We propose a taxonomy for the task and analyze the various ways and attributes by which a domain can be adapted. We differentiate our task from similar studies that have been conducted in recent years and explain the limitations of existing technologies. To address these limitations, we propose a novel pipeline that utilizes the domain descriptions to construct a synthetic target collection and generate queries and pseudo relevance labels to adapt the initial ranking model trained on a source domain. Our approach takes advantage of state-of-the-art instruction-based language models to extract the properties of the target domain based on its given textual description. We show that a retrieval-augmented approach for domain description understanding can effectively identify various properties of each target domain, including the topic of documents, their linguistic attributes, their source, etc. The extracted properties are used to generate a seed document using generative language models and then an iterative retrieval process is employed to construct a synthetic target collection, automatically.
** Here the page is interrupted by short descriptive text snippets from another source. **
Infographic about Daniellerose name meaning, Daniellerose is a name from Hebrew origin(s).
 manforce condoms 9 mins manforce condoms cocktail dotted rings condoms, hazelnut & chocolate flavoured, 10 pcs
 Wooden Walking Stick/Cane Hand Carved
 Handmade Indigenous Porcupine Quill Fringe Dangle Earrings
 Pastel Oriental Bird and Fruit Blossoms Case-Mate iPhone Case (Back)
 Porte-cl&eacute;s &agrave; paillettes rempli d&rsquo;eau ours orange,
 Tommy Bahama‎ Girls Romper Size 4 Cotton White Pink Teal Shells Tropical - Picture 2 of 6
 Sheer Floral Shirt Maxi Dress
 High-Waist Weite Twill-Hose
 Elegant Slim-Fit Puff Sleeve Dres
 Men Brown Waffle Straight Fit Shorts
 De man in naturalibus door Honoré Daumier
This paper introduced a new category of domain adaptation methods for neural information retrieval and proposed a pipeline that leverages target domain descriptions to construct a synthetic target collection, generate queries, and produce pseudo-relevant labels. The results of experiments conducted on five diverse target collections demonstrated that our proposed approach outperforms existing dense retrieval baselines in such a domain adaptation scenario. This work holds the potential for practical applications where the target collection and its relevance labels are unavailable, while preserving privacy and complying with legal restrictions.